Thousands still flocking every summer to Doolin, the centre of traditional music

 

In the 1980s after returning from a music tour of Germany, the late renowned Doolin flute-player, Micho Russell, received a post-card from a fan. Addressed only to Micho, Ireland, the card was successfully delivered to his home in the coastal village of Doolin in north Clare.

Whether the delivery is more in tribute to a traditional music fan at An Post's general sorting office or Micho's renown is open to debate.

Largely credited along with his brothers, Gussie and the late Packie, with establishing Doolin's reputation as the mecca of traditional music, Micho died in a car crash in 1994, but not before leaving his indelible mark on the musical landscape.

According to local man and friend Mattie Shannon, Micho would have been proud of his legacy. "Micho would be proud. Each of the Russells has made a tremendous contribution to the area."

Despite the thousands who descend on the village each summer, Mr Shannon says Doolin is still as it was and has changed very slowly. "There are still green fields between the houses and you can see the stars brightly lit in the sky at night."
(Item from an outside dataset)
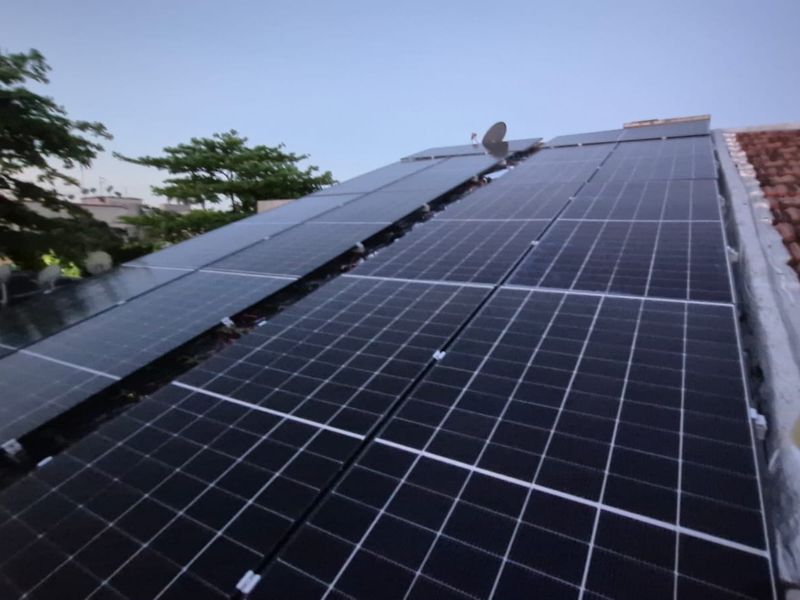 Painéis solares em telhado cerâmico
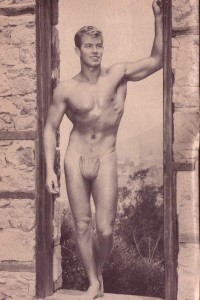 Bodybuilder physique vintage photo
Author of the just-published A Place Called Doolin, John Doorty says the postcard story is true. Of Doolin, he says: "It is amazing to think that no place in Ireland is so singularly associated with Irish traditional music and this has happened through no fanfare, no entrepreneurial vision or no conscious effort."
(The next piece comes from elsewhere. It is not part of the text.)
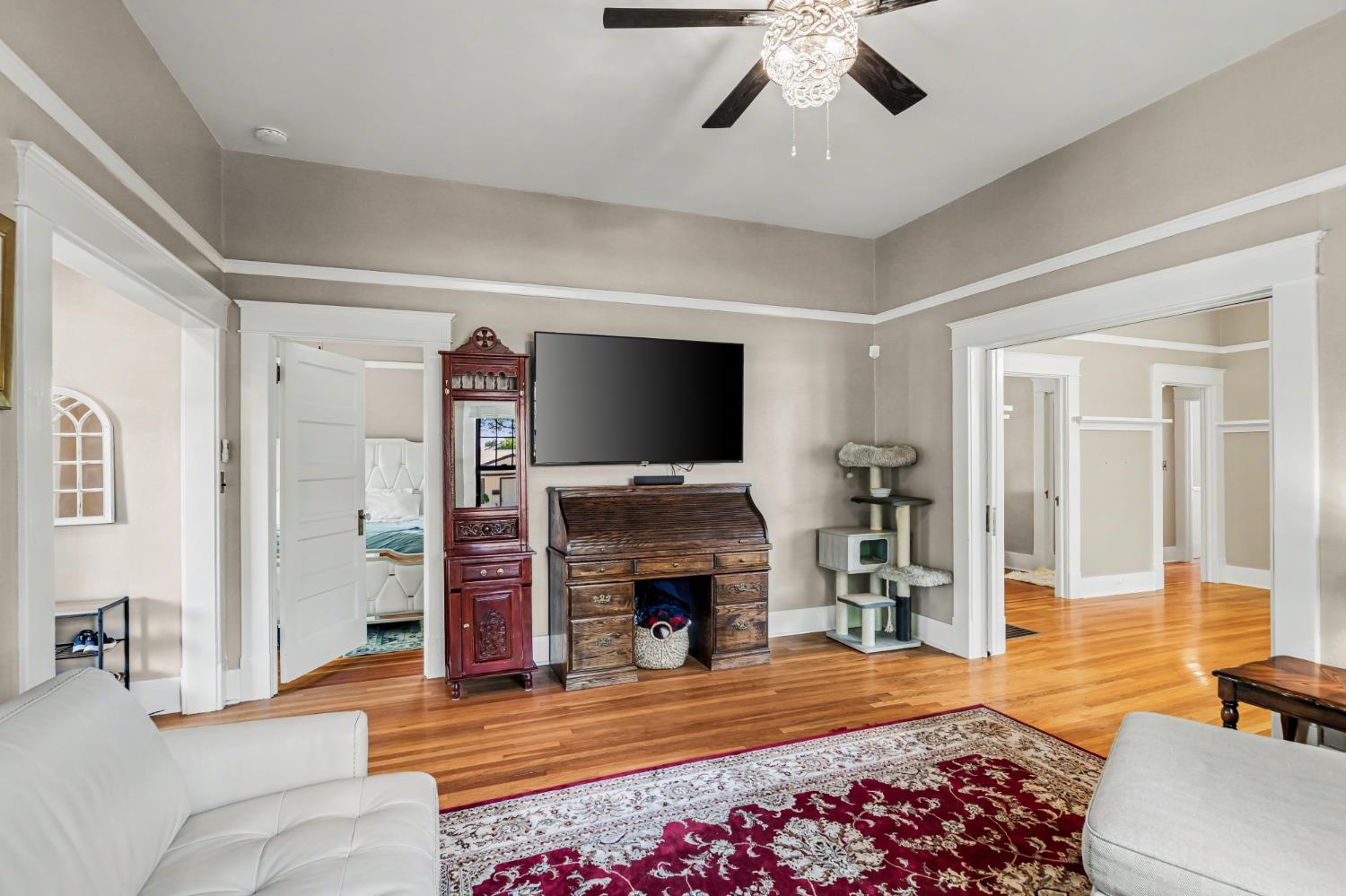 302 Elmwood Ave, Modesto, CA 95354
In the book, award-winning musician Sharon Shannon says: "It was in Doolin that the sessions took a hold of me. I can remember when I would be playing, I'd close my eyes and it was like taking a small step into Heaven."

Doolin itself is a modern concept and it actually comprises of two distinct villages, Roadford and Fisherstreet and only three pubs.

Peadar O'Reilly, a native of Rathmines in Dublin, moved to Doolin for 17 years ago and plays the flute on Tuesday nights over the summer in McDermott's.

"Doolin is a very different place from before," he says, "but the buzz is still there. After a session, you would have 20 to 30 coming up to you really grateful for the night they have had and that is important to me. If that dies, it is time to go."

Mr O'Reilly believes Doolin has avoided the "theme-park" feel of other tourist areas. "It really is a unique place and you cannot put its magic into words and I hope it lasts."

Musician Eoin O'Neill points out that the presence of so many top musicians living in the area keeps Doolin's appeal. "It has changed through a lot of the older people dying, but anything can happen there."

Mattie Shannon, however, states that Doolin must be developed with care. "With a new sewerage scheme on its way, it will open the area for more development and we must make sure that any development must be for the good of the local community and not just for the stranger."